◆ Input
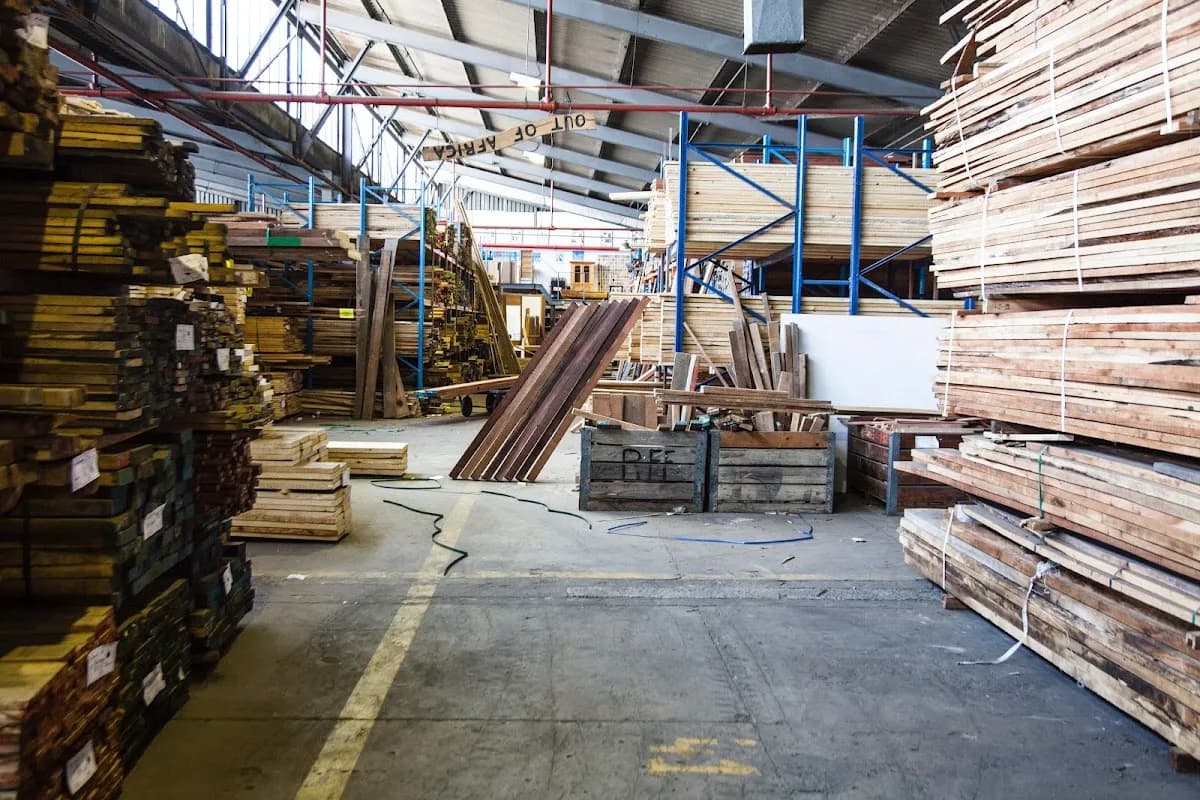 Rare Woods SA (Cape Town) in Langa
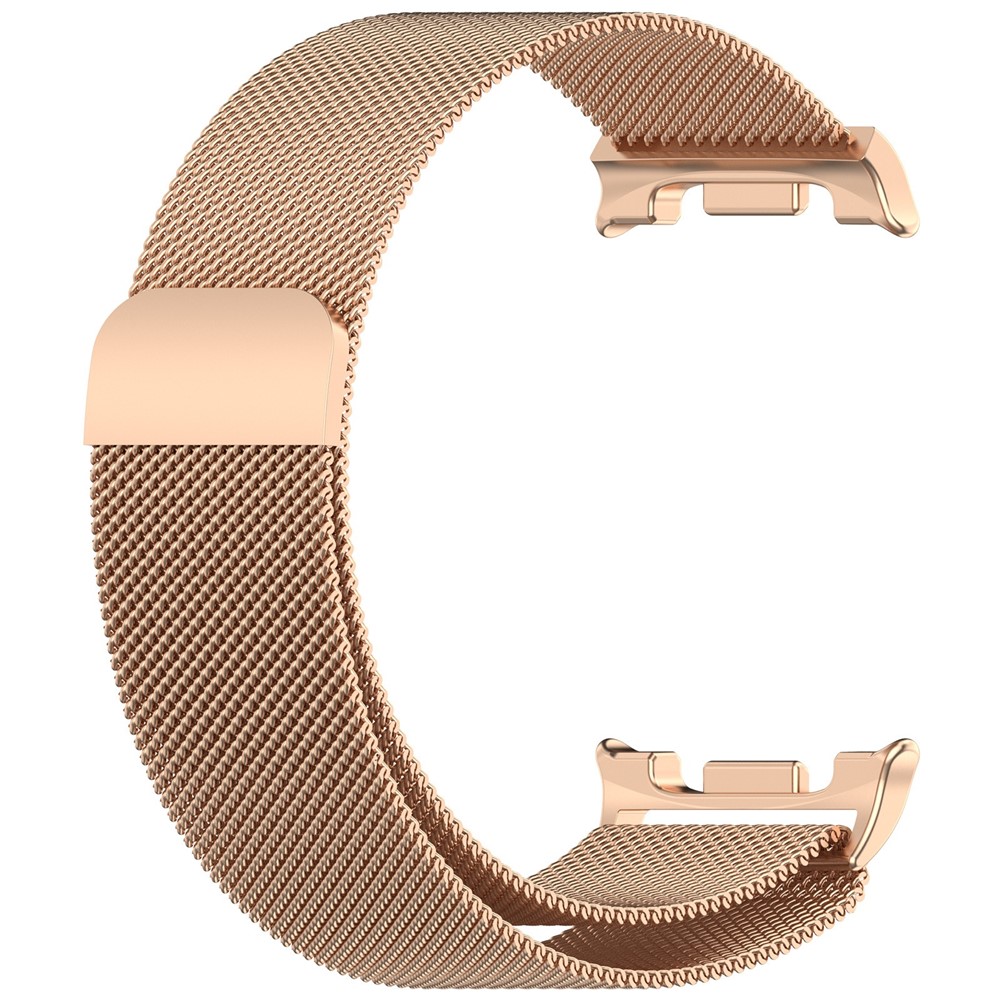  Galaxy Watch 8 46/44/40 mm Armband Milanese Loop Roséguld - Teknikhallen.se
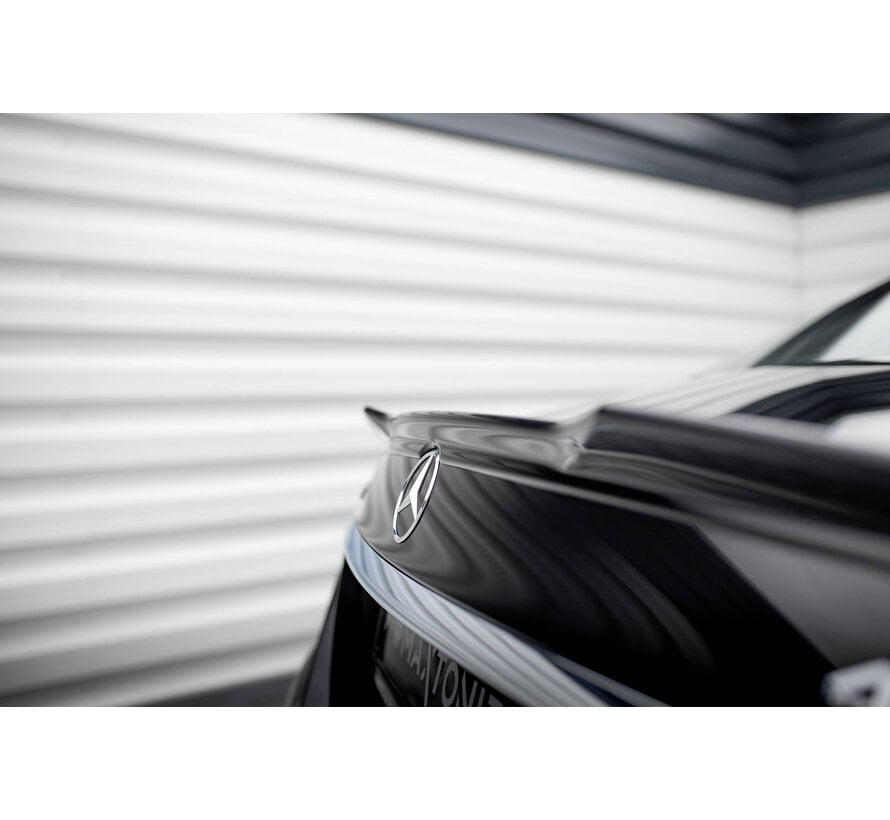 Maxton Design Spoiler Cap 3D Mercedes-Benz S W222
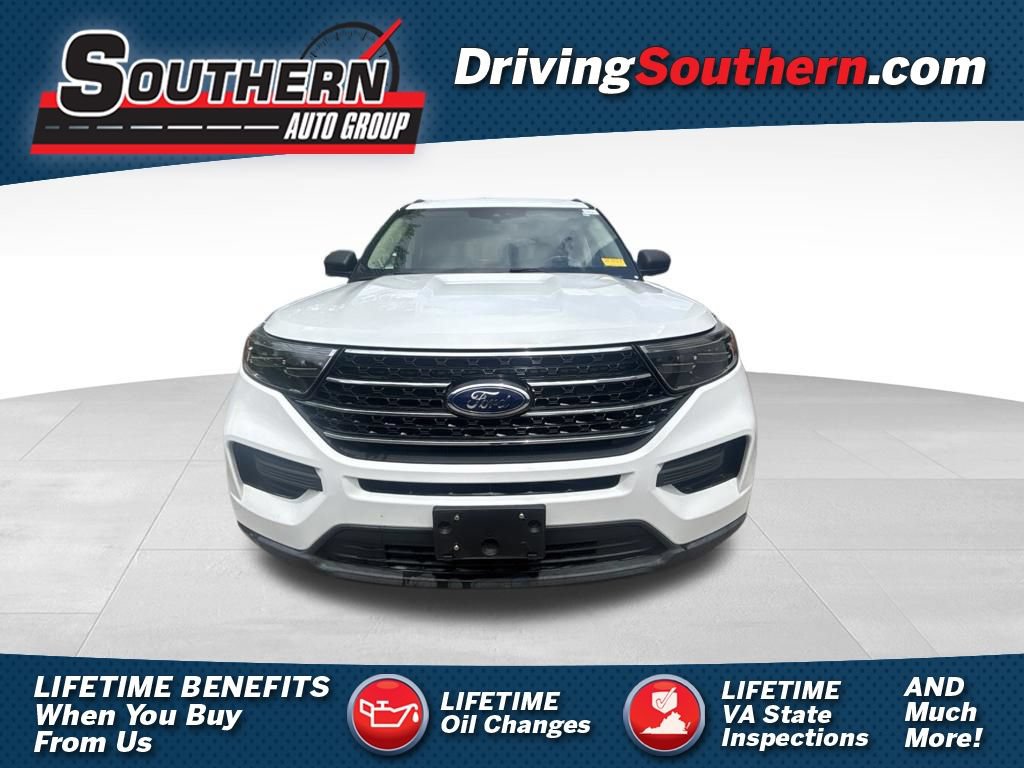 Used 2020 Ford Explorer XLT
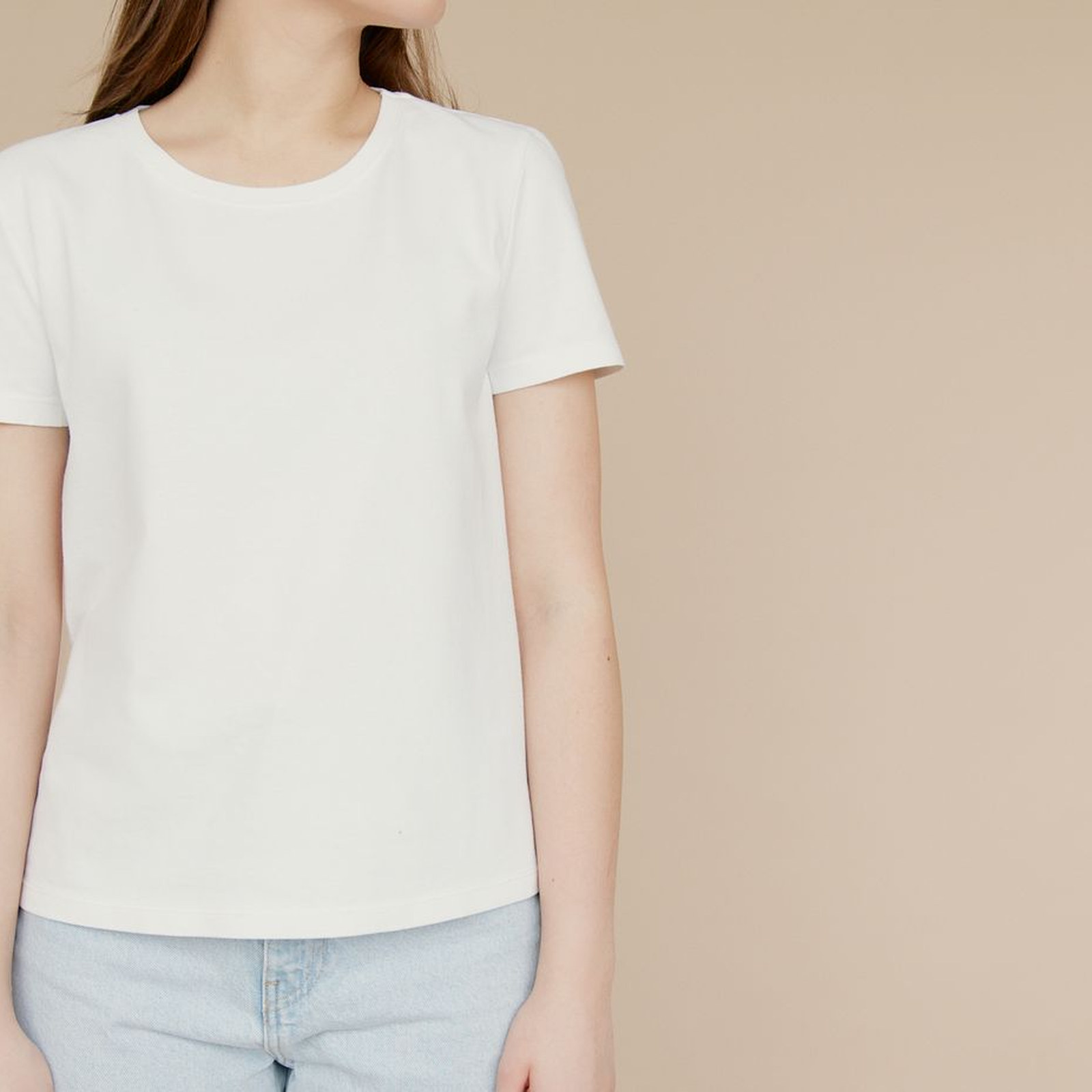 Essential Crew Tee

◆ Required work
An exact copy of the listing is required, with every image removed.

◆ Answer for this exercise
 Rare Woods SA (Cape Town) in Langa
  Galaxy Watch 8 46/44/40 mm Armband Milanese Loop Roséguld - Teknikhallen.se
 Maxton Design Spoiler Cap 3D Mercedes-Benz S W222
 Used 2020 Ford Explorer XLT
 Essential Crew Tee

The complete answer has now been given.